Problem to solve —
Go through the entries below and print each one exactly.

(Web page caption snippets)
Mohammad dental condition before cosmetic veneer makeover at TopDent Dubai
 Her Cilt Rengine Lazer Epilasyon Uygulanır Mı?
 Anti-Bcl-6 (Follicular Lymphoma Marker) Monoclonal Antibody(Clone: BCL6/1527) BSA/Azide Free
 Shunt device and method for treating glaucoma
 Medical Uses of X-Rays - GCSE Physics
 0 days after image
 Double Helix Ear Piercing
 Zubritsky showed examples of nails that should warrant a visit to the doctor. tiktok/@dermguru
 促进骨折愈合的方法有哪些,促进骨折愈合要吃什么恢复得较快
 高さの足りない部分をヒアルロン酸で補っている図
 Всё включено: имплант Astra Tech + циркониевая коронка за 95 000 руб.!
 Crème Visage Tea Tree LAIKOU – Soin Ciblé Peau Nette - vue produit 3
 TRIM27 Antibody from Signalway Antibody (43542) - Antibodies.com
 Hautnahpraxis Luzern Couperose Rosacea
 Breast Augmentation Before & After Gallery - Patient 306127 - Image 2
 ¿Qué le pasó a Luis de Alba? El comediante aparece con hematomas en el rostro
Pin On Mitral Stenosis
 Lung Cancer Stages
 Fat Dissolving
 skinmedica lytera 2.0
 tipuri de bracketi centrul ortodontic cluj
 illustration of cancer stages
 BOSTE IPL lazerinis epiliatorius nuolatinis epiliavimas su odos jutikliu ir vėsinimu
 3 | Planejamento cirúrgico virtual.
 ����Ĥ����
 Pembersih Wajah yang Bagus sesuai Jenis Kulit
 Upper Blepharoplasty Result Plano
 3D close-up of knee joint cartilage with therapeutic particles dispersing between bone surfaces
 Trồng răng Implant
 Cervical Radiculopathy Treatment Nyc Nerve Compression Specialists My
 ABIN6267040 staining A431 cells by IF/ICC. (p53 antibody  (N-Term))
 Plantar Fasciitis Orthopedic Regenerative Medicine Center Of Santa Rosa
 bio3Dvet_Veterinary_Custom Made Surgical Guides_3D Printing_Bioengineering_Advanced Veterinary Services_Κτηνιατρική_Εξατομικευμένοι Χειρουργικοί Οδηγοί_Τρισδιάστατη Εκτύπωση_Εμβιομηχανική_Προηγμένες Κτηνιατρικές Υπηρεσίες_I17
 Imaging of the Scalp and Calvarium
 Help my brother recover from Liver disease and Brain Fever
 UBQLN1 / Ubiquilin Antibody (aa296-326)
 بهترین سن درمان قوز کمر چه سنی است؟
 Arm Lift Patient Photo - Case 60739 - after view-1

Result of this task —
Mohammad dental condition before cosmetic veneer makeover at TopDent Dubai
 Her Cilt Rengine Lazer Epilasyon Uygulanır Mı?
 Anti-Bcl-6 (Follicular Lymphoma Marker) Monoclonal Antibody(Clone: BCL6/1527) BSA/Azide Free
 Shunt device and method for treating glaucoma
 Medical Uses of X-Rays - GCSE Physics
 0 days after image
 Double Helix Ear Piercing
 Zubritsky showed examples of nails that should warrant a visit to the doctor. tiktok/@dermguru
 促进骨折愈合的方法有哪些,促进骨折愈合要吃什么恢复得较快
 高さの足りない部分をヒアルロン酸で補っている図
 Всё включено: имплант Astra Tech + циркониевая коронка за 95 000 руб.!
 Crème Visage Tea Tree LAIKOU – Soin Ciblé Peau Nette - vue produit 3
 TRIM27 Antibody from Signalway Antibody (43542) - Antibodies.com
 Hautnahpraxis Luzern Couperose Rosacea
 Breast Augmentation Before & After Gallery - Patient 306127 - Image 2
 ¿Qué le pasó a Luis de Alba? El comediante aparece con hematomas en el rostro
Pin On Mitral Stenosis
 Lung Cancer Stages
 Fat Dissolving
 skinmedica lytera 2.0
 tipuri de bracketi centrul ortodontic cluj
 illustration of cancer stages
 BOSTE IPL lazerinis epiliatorius nuolatinis epiliavimas su odos jutikliu ir vėsinimu
 3 | Planejamento cirúrgico virtual.
 ����Ĥ����
 Pembersih Wajah yang Bagus sesuai Jenis Kulit
 Upper Blepharoplasty Result Plano
 3D close-up of knee joint cartilage with therapeutic particles dispersing between bone surfaces
 Trồng răng Implant
 Cervical Radiculopathy Treatment Nyc Nerve Compression Specialists My
 ABIN6267040 staining A431 cells by IF/ICC. (p53 antibody  (N-Term))
 Plantar Fasciitis Orthopedic Regenerative Medicine Center Of Santa Rosa
 bio3Dvet_Veterinary_Custom Made Surgical Guides_3D Printing_Bioengineering_Advanced Veterinary Services_Κτηνιατρική_Εξατομικευμένοι Χειρουργικοί Οδηγοί_Τρισδιάστατη Εκτύπωση_Εμβιομηχανική_Προηγμένες Κτηνιατρικές Υπηρεσίες_I17
 Imaging of the Scalp and Calvarium
 Help my brother recover from Liver disease and Brain Fever
 UBQLN1 / Ubiquilin Antibody (aa296-326)
 بهترین سن درمان قوز کمر چه سنی است؟
 Arm Lift Patient Photo - Case 60739 - after view-1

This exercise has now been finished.